WORK ORDER: From the records below, print exactly the lines starting at the one containing "Cocoa framework name" and ending at the one containing "Paw Inspired Washable", ends included, and nothing else.
══ DATASET RECORDS
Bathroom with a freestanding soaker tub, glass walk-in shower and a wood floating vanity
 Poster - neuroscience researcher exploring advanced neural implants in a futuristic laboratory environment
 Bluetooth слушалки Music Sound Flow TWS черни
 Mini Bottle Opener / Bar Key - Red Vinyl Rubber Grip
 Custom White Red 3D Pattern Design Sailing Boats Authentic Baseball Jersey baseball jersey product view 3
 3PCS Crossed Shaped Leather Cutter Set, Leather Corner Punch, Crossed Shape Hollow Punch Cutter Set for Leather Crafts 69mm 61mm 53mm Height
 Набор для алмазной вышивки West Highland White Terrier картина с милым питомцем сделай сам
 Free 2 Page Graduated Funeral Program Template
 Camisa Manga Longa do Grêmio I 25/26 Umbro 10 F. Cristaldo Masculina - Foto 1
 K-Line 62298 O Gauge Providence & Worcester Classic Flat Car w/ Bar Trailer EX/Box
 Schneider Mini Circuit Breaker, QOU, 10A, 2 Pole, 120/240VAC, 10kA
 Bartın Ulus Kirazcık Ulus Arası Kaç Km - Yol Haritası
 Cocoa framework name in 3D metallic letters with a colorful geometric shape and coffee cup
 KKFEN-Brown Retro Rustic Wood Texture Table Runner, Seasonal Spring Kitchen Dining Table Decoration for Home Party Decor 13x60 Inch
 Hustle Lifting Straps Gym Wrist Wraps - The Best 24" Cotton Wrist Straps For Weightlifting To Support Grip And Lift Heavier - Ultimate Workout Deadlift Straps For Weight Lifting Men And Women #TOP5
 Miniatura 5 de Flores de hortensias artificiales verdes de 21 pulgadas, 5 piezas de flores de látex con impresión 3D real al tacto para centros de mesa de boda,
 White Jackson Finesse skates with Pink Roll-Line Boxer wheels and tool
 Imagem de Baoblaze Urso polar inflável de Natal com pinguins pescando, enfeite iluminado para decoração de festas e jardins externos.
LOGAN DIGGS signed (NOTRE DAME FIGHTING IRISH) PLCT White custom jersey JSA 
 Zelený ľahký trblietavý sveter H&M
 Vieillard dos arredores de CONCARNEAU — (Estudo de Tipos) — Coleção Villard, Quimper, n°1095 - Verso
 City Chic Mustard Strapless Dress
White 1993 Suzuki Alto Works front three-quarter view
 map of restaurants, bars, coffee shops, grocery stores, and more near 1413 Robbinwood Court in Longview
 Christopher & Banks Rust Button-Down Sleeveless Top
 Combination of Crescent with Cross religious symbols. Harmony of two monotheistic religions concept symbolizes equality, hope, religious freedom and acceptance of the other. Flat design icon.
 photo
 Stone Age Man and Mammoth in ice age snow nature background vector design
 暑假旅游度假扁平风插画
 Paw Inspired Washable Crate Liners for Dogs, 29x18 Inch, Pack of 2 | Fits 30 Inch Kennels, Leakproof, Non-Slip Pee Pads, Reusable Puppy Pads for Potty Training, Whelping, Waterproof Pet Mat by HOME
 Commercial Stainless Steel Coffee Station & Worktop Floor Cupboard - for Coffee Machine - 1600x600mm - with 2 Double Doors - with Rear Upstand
════
ANSWER SPACE:
 Cocoa framework name in 3D metallic letters with a colorful geometric shape and coffee cup
 KKFEN-Brown Retro Rustic Wood Texture Table Runner, Seasonal Spring Kitchen Dining Table Decoration for Home Party Decor 13x60 Inch
 Hustle Lifting Straps Gym Wrist Wraps - The Best 24" Cotton Wrist Straps For Weightlifting To Support Grip And Lift Heavier - Ultimate Workout Deadlift Straps For Weight Lifting Men And Women #TOP5
 Miniatura 5 de Flores de hortensias artificiales verdes de 21 pulgadas, 5 piezas de flores de látex con impresión 3D real al tacto para centros de mesa de boda,
 White Jackson Finesse skates with Pink Roll-Line Boxer wheels and tool
 Imagem de Baoblaze Urso polar inflável de Natal com pinguins pescando, enfeite iluminado para decoração de festas e jardins externos.
LOGAN DIGGS signed (NOTRE DAME FIGHTING IRISH) PLCT White custom jersey JSA 
 Zelený ľahký trblietavý sveter H&M
 Vieillard dos arredores de CONCARNEAU — (Estudo de Tipos) — Coleção Villard, Quimper, n°1095 - Verso
 City Chic Mustard Strapless Dress
White 1993 Suzuki Alto Works front three-quarter view
 map of restaurants, bars, coffee shops, grocery stores, and more near 1413 Robbinwood Court in Longview
 Christopher & Banks Rust Button-Down Sleeveless Top
 Combination of Crescent with Cross religious symbols. Harmony of two monotheistic religions concept symbolizes equality, hope, religious freedom and acceptance of the other. Flat design icon.
 photo
 Stone Age Man and Mammoth in ice age snow nature background vector design
 暑假旅游度假扁平风插画
 Paw Inspired Washable Crate Liners for Dogs, 29x18 Inch, Pack of 2 | Fits 30 Inch Kennels, Leakproof, Non-Slip Pee Pads, Reusable Puppy Pads for Potty Training, Whelping, Waterproof Pet Mat by HOME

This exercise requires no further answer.